Even though we have had our first glimpse of Intel's Xe graphics architecture courtesy of a
reference laptop with Tiger Lake inside, there are still many questions yet to be answered. Like what specific Xe products will ultimately manifest? As it relates to that, there is another question—will there be a dual Xe GPU solution, as a new benchmark leak appears to suggest?
Before we go down wade into those leaky waters, let's go over the Xe hierarchy that Intel set out during its
Architecture Day this past summer.
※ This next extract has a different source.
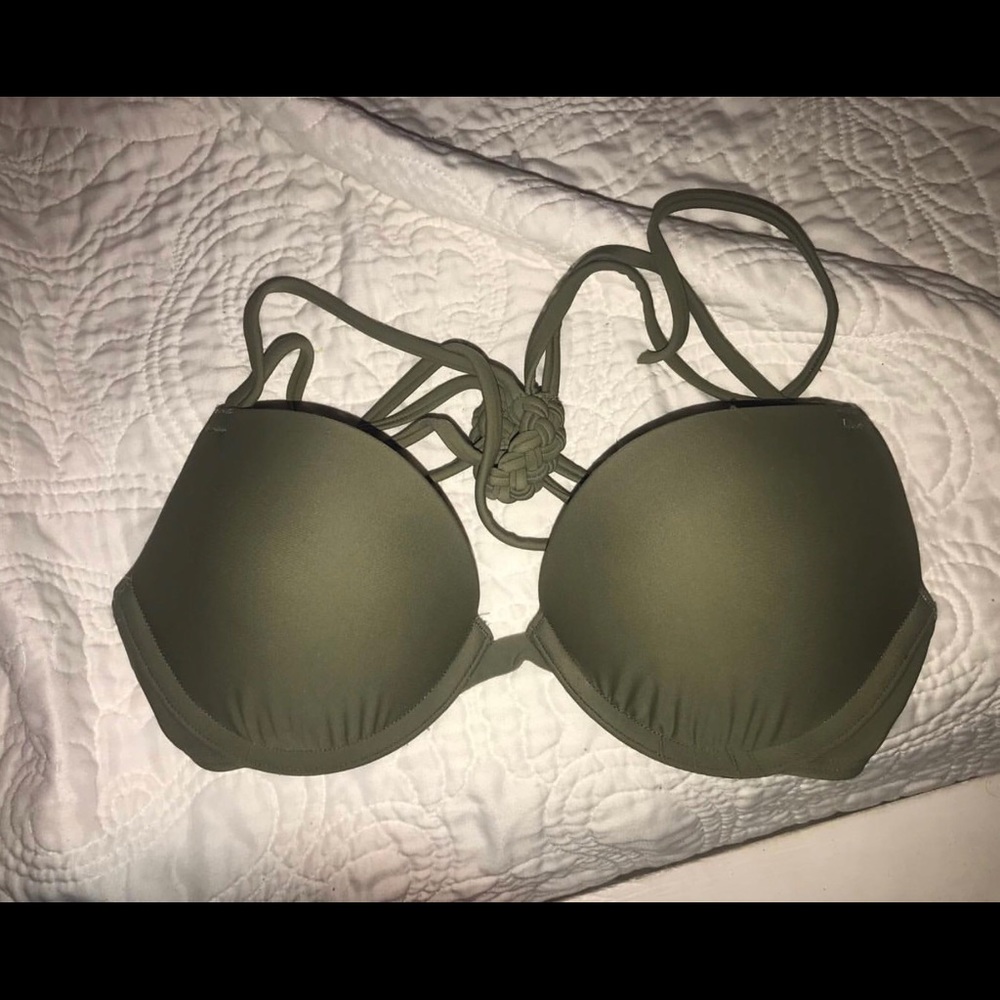 Hollister bathing suit top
Intel laid out a GPU strategy for Xe that spans from integrated and entry level graphics solutions, all the way up to high performance computing (HPC), with a version of Xe on pace to power an exascale supercomputer.
Here is the Xe GPU totem pole, as it currently exists...
-
Xe HPC (Ponte Vecchio): HPC exascale
- He HP: Data center / artificial intelligence
- Xe HPG: Enthusiast and mid-range
- Xe LP (SG1, DG1, Tiger Lake): integrated and entry level graphics
Xe LP is the foundation, and it will be offered as a discrete GPU solution, in addition to being integrated with Tiger Lake. it all seems pretty straightforward, but there is an intriguing entry in the SiSoftware SANDRA database that points to a dual Xe LP GPU solution. Have a look...
According to the database entry, what we have here is a dual Xe LP GPU with 192 total execution units (EUs), or 96 EUs each. That equates to 1,536 streaming processors (cores). The listing also identifies the clockspeed as being 1.25GHz, which seems rather low, though the dual GPU configuration is obviously more interesting than the clockspeed. Other specs include 6.2GB of memory and 2MB of L2 cache.
Is this a real configuration, or is SANDRA simply mis-reading the data? We can't say for sure, obviously, but it does lend itself to some interesting speculation. Consider that Intel's
discrete DG1 solution is rumored to sport
96 EUs, while Tiger Lake-U's graphics tops out at 96 EUs as well. Incidentally, the database entry pegs this as a Tiger Lake-U client platform.
What does that mean? Maybe not much...OR it could possibly indicate that the integrated Xe GPU in Tiger Lake-U is working in tandem with a discrete DG1 card, hence the dual-Xe designation and convenient math (96 + 96 = 192).
We are not saying that is for sure what we are looking at, only that it is a possibility. This could also be a separate, more powerful solution that Intel is testing, and has yet to announce. Whatever it is, color us intrigued.